Thucydide ramène essentiellement l’explication de l’histoire à la connaissance de la nature humaine. C’est l’homme inscrit dans l’espace et dans le temps qui donne la clé de l’histoire. Thucydide établit des lois du devenir historique à partir de la relative stabilité de la nature humaine, une hypothèse de travail qu’il pose avec prudence. André Bonnard : « Fonder l’histoire comme une science utile, c’est affirmer que l’homme porte dans sa nature même les causes principales de sa réussite et de son échec historique. » Cette conscience permettra-t-elle de modifier le cours des événements et corriger l’histoire ? Thucydide cherche bien à corriger l’avenir par l’étude historique. Mais quelle est cette nature humaine telle qu’il l’envisage ? Quel est cet homme qui fait l’histoire ? Cet homme veut posséder et durer. Posséder, soit assurer son bien-être ; durer, soit affirmer la sécurité de son existence. Posséder et durer sont unis par l’intérêt, le mobile qui sous-tend toute l’activité humaine. L’intérêt (et ses synonymes) est ce qui fait agir les individus et plus encore les sociétés. L’État n’est pour Thucydide qu’un contrat passé entre des intérêts individuels qui estiment que le cadre de la cité est le mieux à même de les préserver. Autrement dit, la cité et les individus obéissent aux mêmes impératifs : posséder et durer.

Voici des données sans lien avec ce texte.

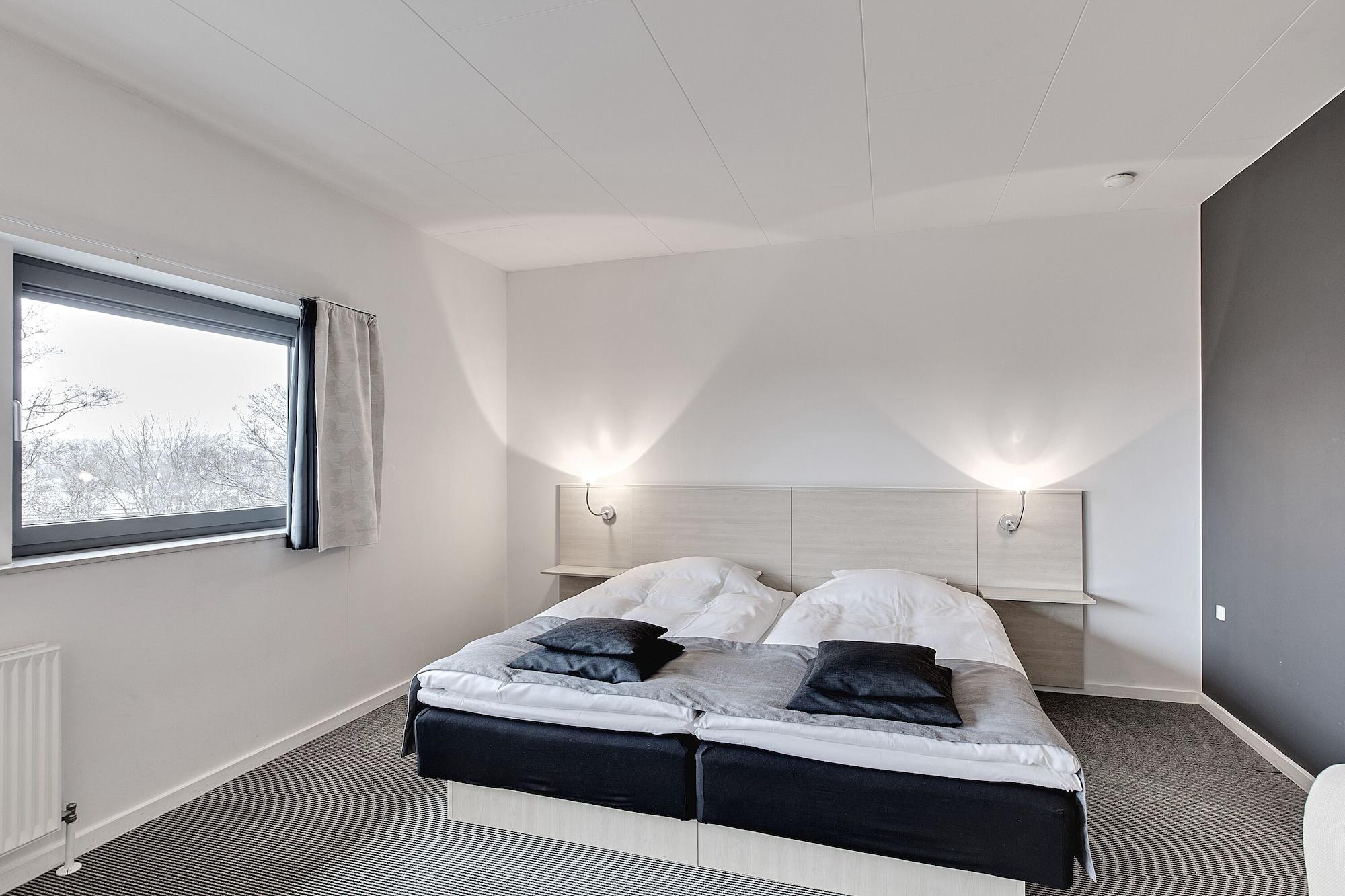 Radisson Blu Hotel i Papirfabrikken, Silkeborg Eksteriør bilde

Thucydide observe cette communauté d’intérêt au cœur de l’activité politique sans s’en indigner. « Une loi naturelle ne saurait être un objet d’indignation pour le savant » fait remarquer André Bonnard. Thucydide se garde de tout jugement moral et estime avoir découvert une loi qu’il va utiliser comme hypothèse explicative de l’histoire – une hypothèse qui explique le plus grand nombre de faits. Et pour donner plus de pertinence à cette loi, Thucydide la fait soutenir par un grand nombre de personnages qu’il met en scène, des hommes d’État très divers, tant par leur caractère que par les causes qu’ils défendent. Voir les déclarations de Périclès, Périclès qui admet que son empire (l’Empire athénien) est fondé sur l’injustice mais qu’il doit le défendre pour qu’Athènes préserve sa liberté et son existence. Idem avec Hermocrate de Syracuse, l’ennemi juré d’Athènes qui reconnaît néanmoins la justesse de l’esprit de conquête de cette cité. Hermocrate de Syracuse comme Périclès ne se placent pas dans l’ordre de la morale mais de la vie.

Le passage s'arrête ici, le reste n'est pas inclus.